In the scramble to find something, anything, to generate more revenue, states are considering new taxes on virtually everything: garbage pickup, dating services, bowling night, haircuts, even clowns.To what is the world coming?
“It’s hard enough doing what we do,” grumbled John Luke, a plumber in the Philadelphia suburbs. His services would, for the first time, come with an added tax if the governor has his way.
“Look, I’m not a crazy tax guy,” Mr. Rendell said, reflecting on recent trims to the budget. “I know what we’ve cut the last two years, and I know how deep and painful the cuts have been. So I know that in the future there’s going to have to be a revenue increase, and this is the best of the alternatives, obviously none of which we’re happy about.”
Michigan’s revenues, adjusted for inflation, have sunk to a level last seen in the 1960s. And that may be exactly what at long last pushes through wide acceptance for taxes on more services, according to supporters of the idea, who say it makes sense in an economy that has long been service-based. In the past, such taxes have never quite been able to survive the political tussle.(courtesy NYTimes.com)
Of course politicians would rather tax the working stiffs than the corporate stiffs.

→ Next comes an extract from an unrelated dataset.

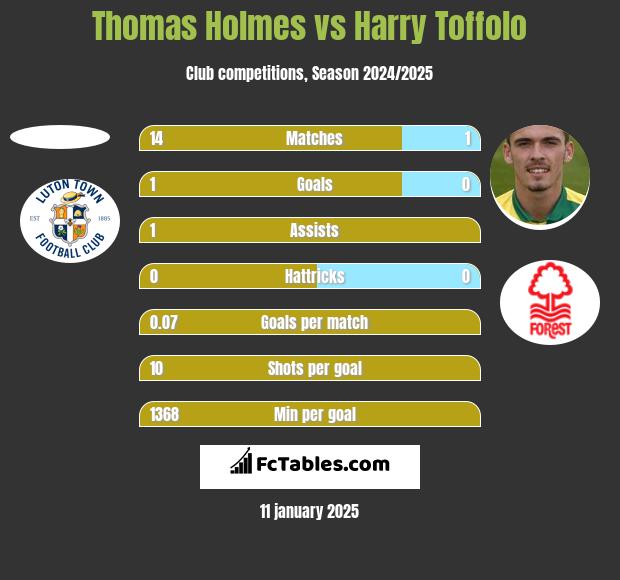 Thomas Holmes vs Harry Toffolo h2h player stats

I didn't hear any suggestion that Michigan should repeal the excessively generous entertainment-industry tax credit, for example, because it creates jobs! But they will tax the people who take those jobs, as well as the barbers and line cooks that service those workers.
Ah, trickle right down my ass, I say.
Working stiffs may seem to have strength in numbers, but too many of us would switch allegiance for a few shekels--hence the imbalanced power of the uber-rich.

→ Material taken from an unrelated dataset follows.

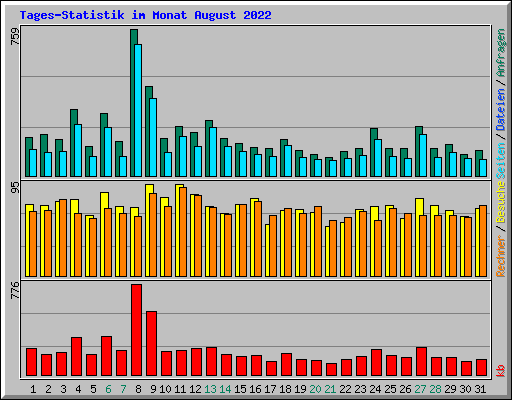 Tages-Statistik im Monat August 2022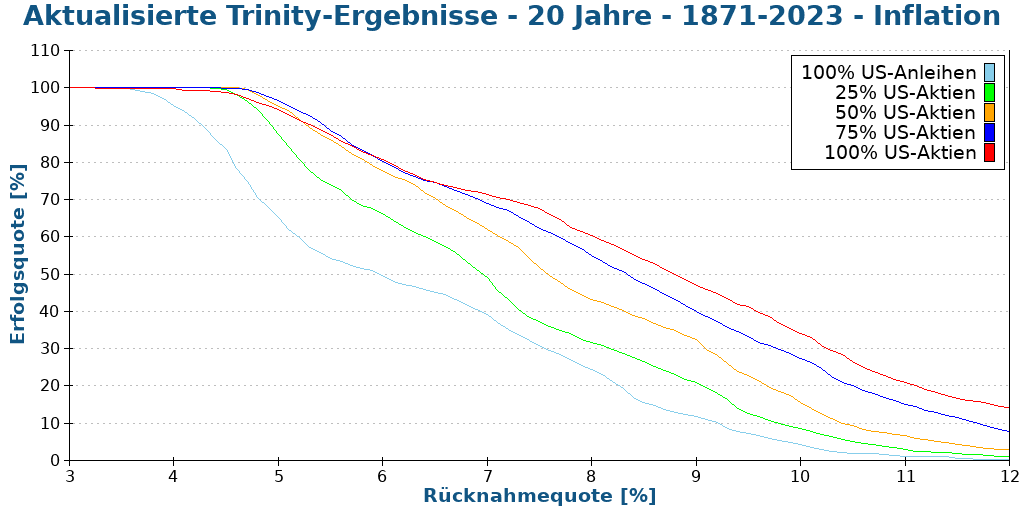 Aktualisierte Trinity-Ergebnisse - 20 Jahre - 1871-2023 - Inflation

We all know The Rich are little more than the pride-and-joy descendants of Roman Senator types--rich enough to have private armies, smart enough to cloak them in corporate legitimacy, inbred enough to be ugly.
They are constantly pacing their sun-drenched downtown offices, plotting the future, playing puppeteer in Warshington, London, Tokyo, Beijing--when they aren't snorting coke off the ass of a $5000/hr call girl in a suite they keep at the St. Regis to help alleviate such cravings.
But what are we doing about it?
We are presenting the rump and pretending we're okay with it.